GIVEN ENTRIES:
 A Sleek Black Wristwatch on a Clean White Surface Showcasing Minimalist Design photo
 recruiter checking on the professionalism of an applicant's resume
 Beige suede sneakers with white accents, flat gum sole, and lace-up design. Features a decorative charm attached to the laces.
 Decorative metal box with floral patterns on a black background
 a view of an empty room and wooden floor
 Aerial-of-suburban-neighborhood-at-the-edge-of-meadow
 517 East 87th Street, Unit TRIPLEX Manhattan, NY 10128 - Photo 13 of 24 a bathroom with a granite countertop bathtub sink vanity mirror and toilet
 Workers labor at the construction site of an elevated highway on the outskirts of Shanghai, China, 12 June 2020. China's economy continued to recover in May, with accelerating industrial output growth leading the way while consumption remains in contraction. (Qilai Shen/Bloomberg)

---

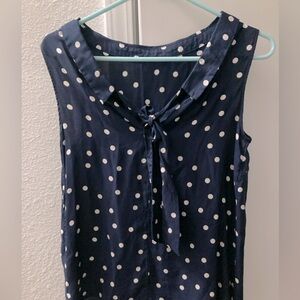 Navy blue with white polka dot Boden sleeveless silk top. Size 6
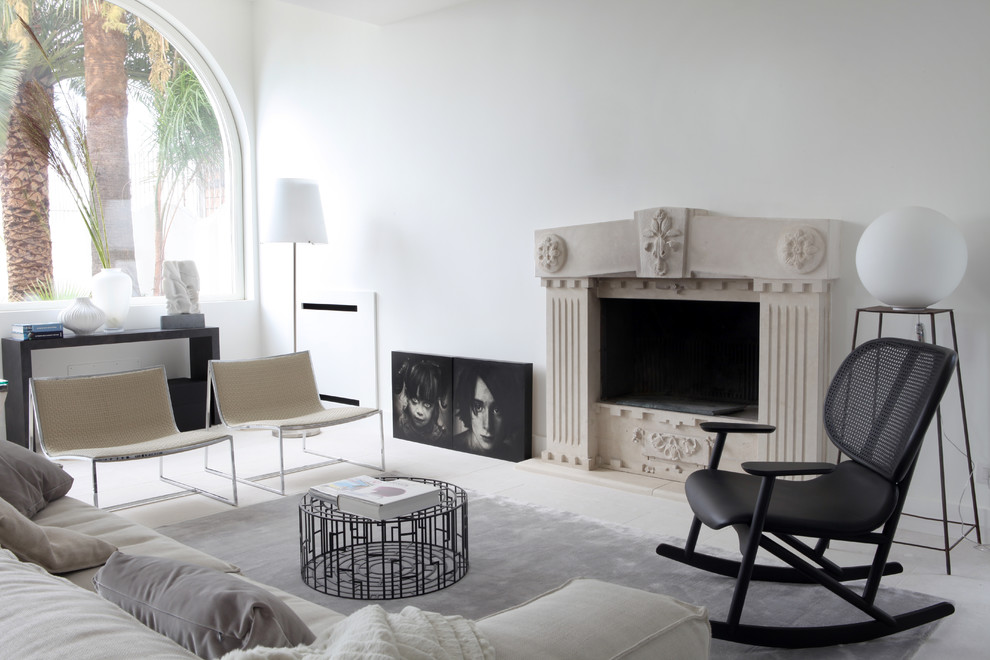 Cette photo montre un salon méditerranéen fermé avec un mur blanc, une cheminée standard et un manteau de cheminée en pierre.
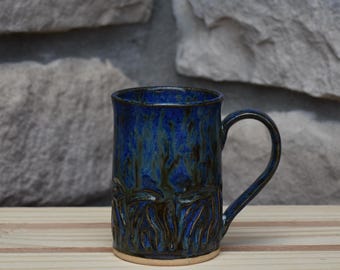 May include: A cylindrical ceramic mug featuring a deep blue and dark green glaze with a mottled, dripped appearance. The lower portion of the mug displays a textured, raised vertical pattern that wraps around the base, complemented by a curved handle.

AIM OF THE EXERCISE: Please give back exactly the lines of this listing beginning at the line with "Beige suede sneakers" and ending with the line with "Workers labor at", both included, and nothing else.

SOLUTION TO THE EXERCISE:
 Beige suede sneakers with white accents, flat gum sole, and lace-up design. Features a decorative charm attached to the laces.
 Decorative metal box with floral patterns on a black background
 a view of an empty room and wooden floor
 Aerial-of-suburban-neighborhood-at-the-edge-of-meadow
 517 East 87th Street, Unit TRIPLEX Manhattan, NY 10128 - Photo 13 of 24 a bathroom with a granite countertop bathtub sink vanity mirror and toilet
 Workers labor at the construction site of an elevated highway on the outskirts of Shanghai, China, 12 June 2020. China's economy continued to recover in May, with accelerating industrial output growth leading the way while consumption remains in contraction. (Qilai Shen/Bloomberg)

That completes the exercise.